Oh, and did I mention the swarms of insects? The sound design does a lot to help with that motif as well.
Then of course we have the cast. I give Alex Wolff (and his brother, for that matter) a lot of shit, but so much of the movie depends on his capacity for punishment and he takes it well. I was also very impressed with Milly Shapiro — given her stellar performance here, her fantastic Broadway bona fides, and her young age, I look forward to seeing what her long and prosperous career will look like. Also in the supporting cast, Ann Dowd deserves credit as a badly needed and deeply sympathetic comic relief character, at least until her character goes batshit crazy with the rest of the movie.
Gabriel Byrne has a prominent supporting role, but he’s wasted through half the film. As the husband to Toni Collette’s character, Byrne plays the rational skeptic in contrast to all the supernatural insanity surrounding him. It’s a thankless role, but an important one and Byrne does an admirable job of it. Trouble is, the supernatural stuff doesn’t come until halfway through the movie and he’s basically useless until then.

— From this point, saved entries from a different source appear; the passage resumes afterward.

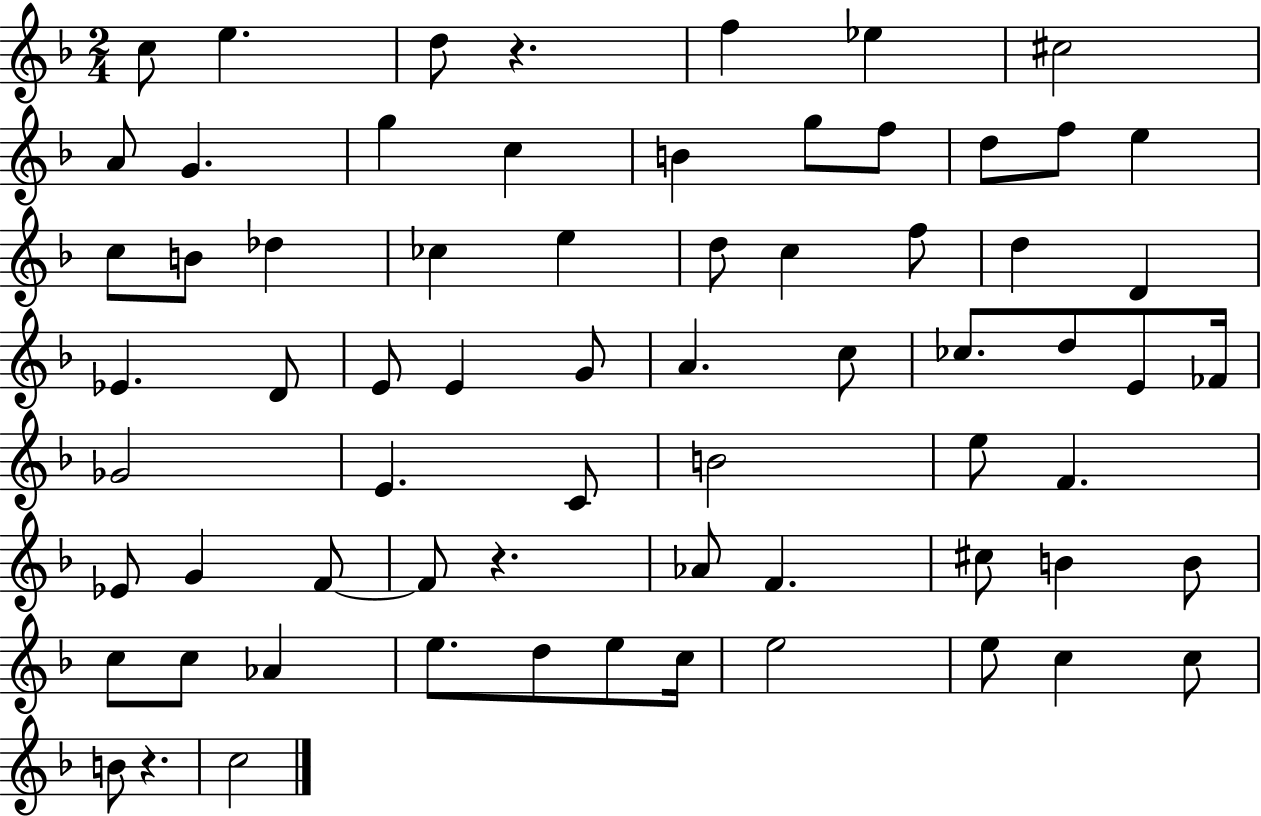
{
  \clef treble
  \numericTimeSignature
  \time 2/4
  \key f \major
  c''8 e''4. | d''8 r4. | f''4 ees''4 | cis''2 | \break a'8 g'4. | g''4 c''4 | b'4 g''8 f''8 | d''8 f''8 e''4 | \break c''8 b'8 des''4 | ces''4 e''4 | d''8 c''4 f''8 | d''4 d'4 | \break ees'4. d'8 | e'8 e'4 g'8 | a'4. c''8 | ces''8. d''8 e'8 fes'16 | \break ges'2 | e'4. c'8 | b'2 | e''8 f'4. | \break ees'8 g'4 f'8~~ | f'8 r4. | aes'8 f'4. | cis''8 b'4 b'8 | \break c''8 c''8 aes'4 | e''8. d''8 e''8 c''16 | e''2 | e''8 c''4 c''8 | \break b'8 r4. | c''2 | \bar "|."
}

No, this is absolutely Toni Collette’s show from start to finish. Until the demons finally come out to play, this movie is at its most effective when it comments on grieving and loss. That’s a lot of meaty stuff for an actor, and Collette makes a meal of it. She is on fire (sometimes literally) with this one, bringing a performance that’s compelling, horrifying, and deeply sympathetic all at once. And that’s nothing short of astonishing when you consider how many times the camera goes close-up on her face and how far down the rabbit hole this character has to go.
Hereditary is definitely one of those times in which stellar presentation saves a subpar story. The premise is threadbare, the characters are stock, and the hole-ridden plot is so dependent on arbitrary nonsense that I couldn’t care less about how any of this fugazi occultism is supposed to work. Granted, the material about loss and grief is powerful, but that’s pretty much entirely due to Toni Collette’s performance and it gets tossed right out the window after the halfway point.
On the other hand, none of that mattered because the filmmaking is just that damned good. The visuals, the sound design, the performances, the recurring motifs… all of that was so creative and deeply unsettling that I couldn’t take my eyes off the screen. I wanted to keep watching just so I could see what the filmmakers would throw at me next. There’s no doubt that this movie is well-performed and superbly crafted, but the movie’s best aspects are almost all superficial and even a cursory examination of the story is enough to show how hollow it is.
It’s a movie worth watching, but not enough to justify the hype. Definitely one for home video.